Despite early violin training, Gustafson was attracted to a career in art and design. As a sophomore at Bob Jones University, he was asked to make sketches for a production of Cyrano de Bergerac and ended by designing the sets. In 1954, shortly before graduating from BJU with an M.A. in music, he was flabbergasted to be asked by the then-president, Bob Jones Jr., to become dean of the School of Fine Arts. Gustafson was 24.
Eventually he also earned a D. Mus. in composition from Florida State University, and in 1960, he was selected as one of ten young conductors to study at the Aspen School of Music.

Gustafson quickly proved himself a competent administrator who brought to his position a working knowledge of art, music, and drama. He also regularly conducted campus choirs and the Bob Jones Symphony Orchestra, especially in its annual opera productions. As a composer Gustafson was best known for his sacred choral compositions and arrangements, although his more than 160 works included five film scores, a string quartet, Encounters (a violin concerto), and numerous extended compositions for chorus and orchestra, including Three Psalms for Chorus and Orchestra (1989) and Words of Passion and Resurrection (2002). "Fantasia for a Celebration" was commissioned by the Williamsburg (VA) Symphonia as part of the city's 300-year celebration in 1999.
In December 2006, Gustafson premiered a one-act opera, Simeon, about the blessing given by Simeon the Righteous to the Christ child (Luke 2: 25-35).

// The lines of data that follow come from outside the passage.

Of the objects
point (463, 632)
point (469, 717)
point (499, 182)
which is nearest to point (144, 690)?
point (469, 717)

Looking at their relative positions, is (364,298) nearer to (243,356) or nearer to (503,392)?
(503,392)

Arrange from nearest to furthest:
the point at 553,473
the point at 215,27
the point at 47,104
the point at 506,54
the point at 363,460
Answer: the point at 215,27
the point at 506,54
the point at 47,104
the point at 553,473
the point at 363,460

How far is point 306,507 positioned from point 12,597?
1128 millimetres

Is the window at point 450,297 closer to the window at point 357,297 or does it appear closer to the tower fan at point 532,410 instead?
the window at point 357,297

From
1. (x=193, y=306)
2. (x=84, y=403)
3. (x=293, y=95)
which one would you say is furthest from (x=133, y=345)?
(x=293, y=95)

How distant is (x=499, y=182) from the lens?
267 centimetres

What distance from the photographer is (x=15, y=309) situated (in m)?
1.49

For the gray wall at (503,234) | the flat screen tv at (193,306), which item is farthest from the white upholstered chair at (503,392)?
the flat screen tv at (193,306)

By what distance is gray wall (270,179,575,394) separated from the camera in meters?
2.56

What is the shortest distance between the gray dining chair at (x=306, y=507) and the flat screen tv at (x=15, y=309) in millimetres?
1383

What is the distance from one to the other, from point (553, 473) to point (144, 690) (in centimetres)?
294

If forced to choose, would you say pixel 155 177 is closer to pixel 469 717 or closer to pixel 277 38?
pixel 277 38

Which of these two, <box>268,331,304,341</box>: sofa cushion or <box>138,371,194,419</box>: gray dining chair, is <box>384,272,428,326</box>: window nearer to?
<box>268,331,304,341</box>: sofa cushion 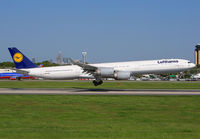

After Gustafson retired as dean following forty years of service, Bob Jones University named the Gustafson Fine Arts Center in his honor.
In 1999, he was awarded the Order of the Palmetto by then-Governor Jim Hodges. Gustafson continued to conduct occasional programs at BJU until 2010,
as well as remaining active as a conductor of high school all-state choirs and orchestras and conducting church choir clinics.
In 2012 he published brief devotional memoirs as A Brighter Witness: Conversations on the Christian and the Arts. Gustafson died of complications from liver disease on January 28, 2014.

Gustafson's successor as dean of the School of Fine Arts, Darren Lawson, noted that because Gustafson was , people looked up to him both "figuratively and literally... He acted, designed sets, sang, composed, conducted. He did it all. He really was a Renaissance man." And Lawson noted that while Gustafson advocated excellence and high standards in music, he also had a strong sense of humor.